Bo Hui (The Johns Hopkins University), Yuchen Yang (The Johns Hopkins University), Haolin Yuan (The Johns Hopkins University), Philippe Burlina (The Johns Hopkins University Applied Physics Laboratory), Neil Zhenqiang Gong (Duke University), Yinzhi Cao (The Johns Hopkins University)

Membership inference (MI) attacks affect user privacy by inferring whether given data samples have been used to train a target learning model, e.g., a deep neural network. There are two types of MI attacks in the literature, i.e., these with and without shadow models. The success of the former heavily depends on the quality of the shadow model, i.e., the transferability between the shadow and the target; the latter, given only blackbox probing access to the target model, cannot make an effective inference of unknowns, compared with MI attacks using shadow models, due to the insufficient number of qualified samples labeled with ground truth membership information.

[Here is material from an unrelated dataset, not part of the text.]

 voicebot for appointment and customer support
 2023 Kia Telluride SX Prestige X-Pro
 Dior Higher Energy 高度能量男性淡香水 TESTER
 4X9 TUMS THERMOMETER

In this paper, we propose an MI attack, called BLINDMI, which probes the target model and extracts membership semantics via a novel approach, called differential comparison. The high-level idea is that BLINDMI first generates a dataset with nonmembers via transforming existing samples into new samples, and then differentially moves samples from a target dataset to the generated, non-member set in an iterative manner. If the differential move of a sample increases the set distance, BLINDMI considers the sample as non-member and vice versa.

BLINDMI was evaluated by comparing it with state-of-the-art MI attack algorithms. Our evaluation shows that BLINDMI improves F1-score by nearly 20% when compared to state-of-the-art on some datasets, such as Purchase-50 and Birds-200, in the blind setting where the adversary does not know the target model’s architecture and the target dataset’s ground truth labels. We also show that BLINDMI can defeat state-of-the-art defenses.